++++ DATA EXTRACTS ++++

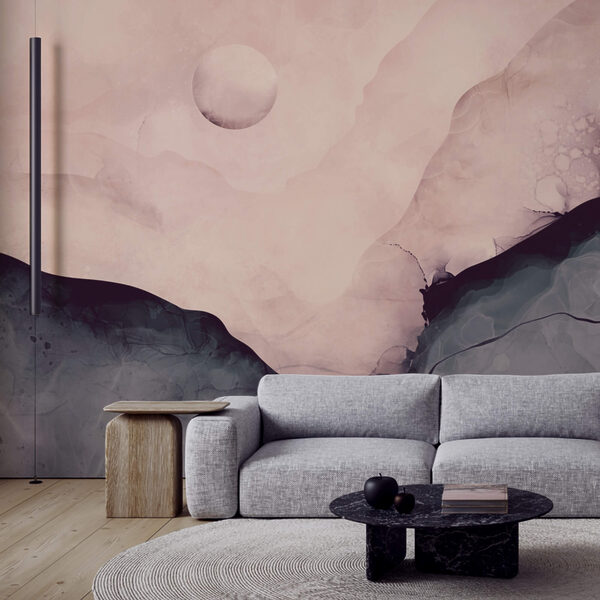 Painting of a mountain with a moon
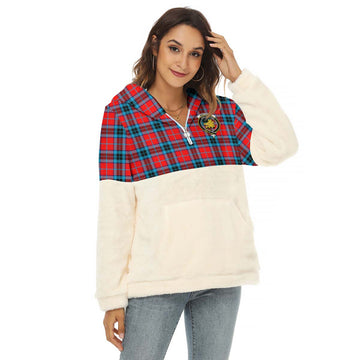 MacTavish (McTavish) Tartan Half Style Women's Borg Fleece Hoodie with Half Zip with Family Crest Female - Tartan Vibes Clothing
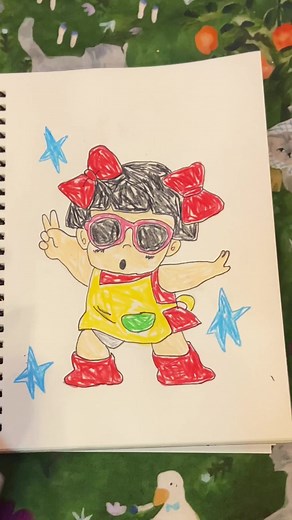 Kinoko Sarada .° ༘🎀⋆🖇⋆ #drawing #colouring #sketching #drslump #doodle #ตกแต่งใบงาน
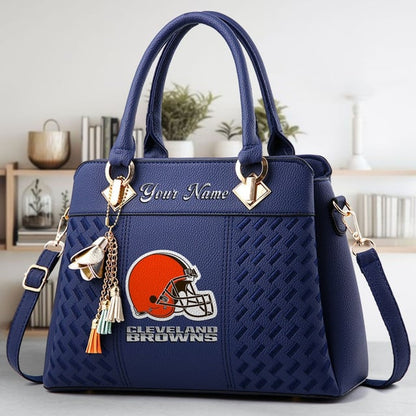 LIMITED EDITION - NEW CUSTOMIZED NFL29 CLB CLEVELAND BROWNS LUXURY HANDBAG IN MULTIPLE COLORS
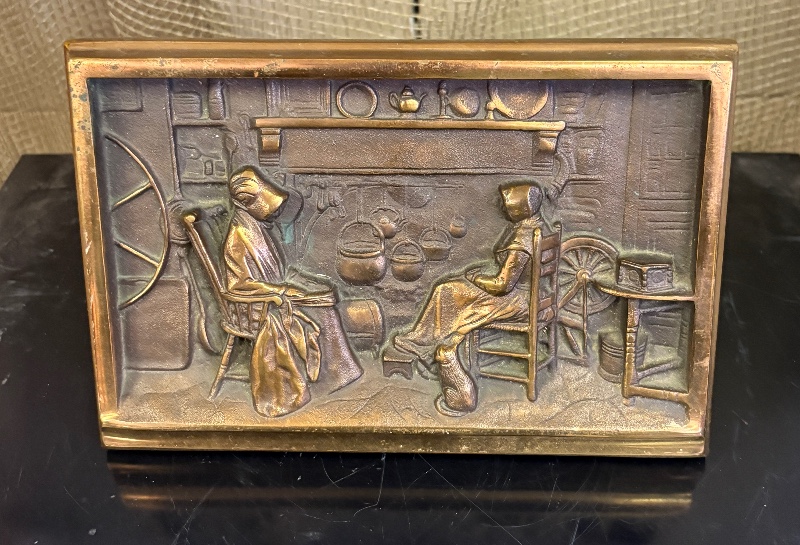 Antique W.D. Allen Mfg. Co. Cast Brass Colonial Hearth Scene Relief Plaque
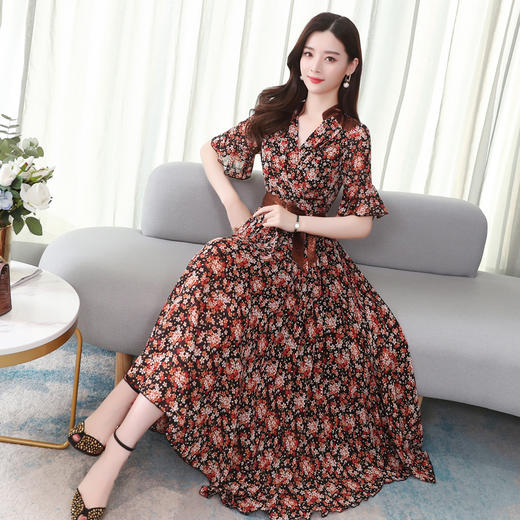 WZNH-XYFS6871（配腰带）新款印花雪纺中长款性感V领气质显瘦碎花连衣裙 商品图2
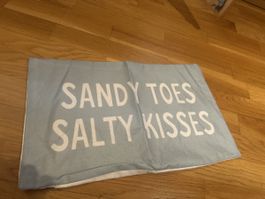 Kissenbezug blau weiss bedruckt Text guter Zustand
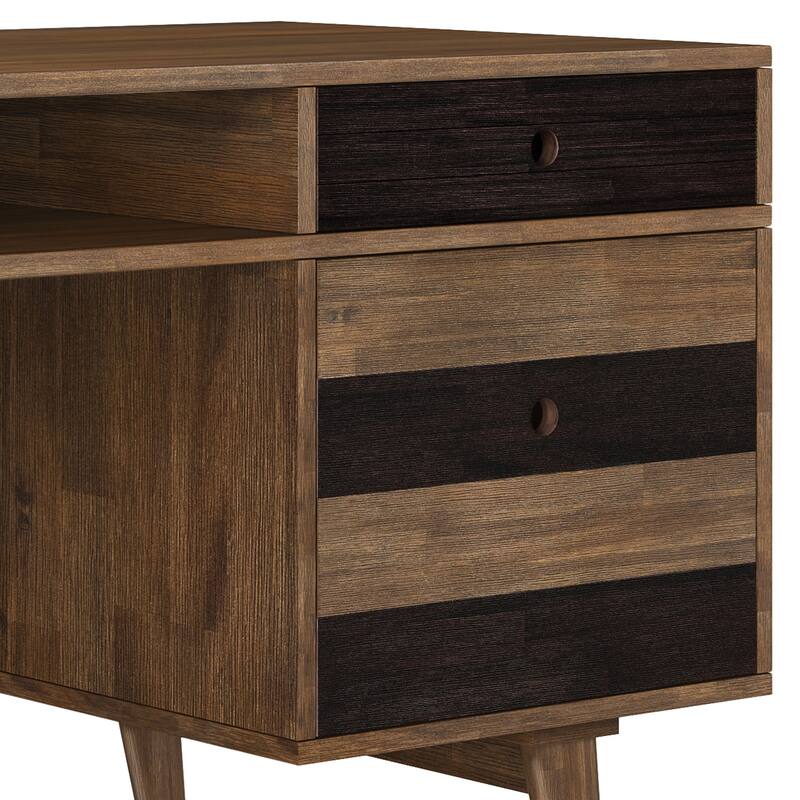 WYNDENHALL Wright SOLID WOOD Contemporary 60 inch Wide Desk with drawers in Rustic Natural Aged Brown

++++

--- PROMPT ---
The lines from the one containing "Antique W.D. Allen" through the last line of the data above are to be transcribed exactly, both included, with all pictures left out.

--- OUTPUT OF THE TASK ---
 Antique W.D. Allen Mfg. Co. Cast Brass Colonial Hearth Scene Relief Plaque
 WZNH-XYFS6871（配腰带）新款印花雪纺中长款性感V领气质显瘦碎花连衣裙 商品图2
 Kissenbezug blau weiss bedruckt Text guter Zustand
 WYNDENHALL Wright SOLID WOOD Contemporary 60 inch Wide Desk with drawers in Rustic Natural Aged Brown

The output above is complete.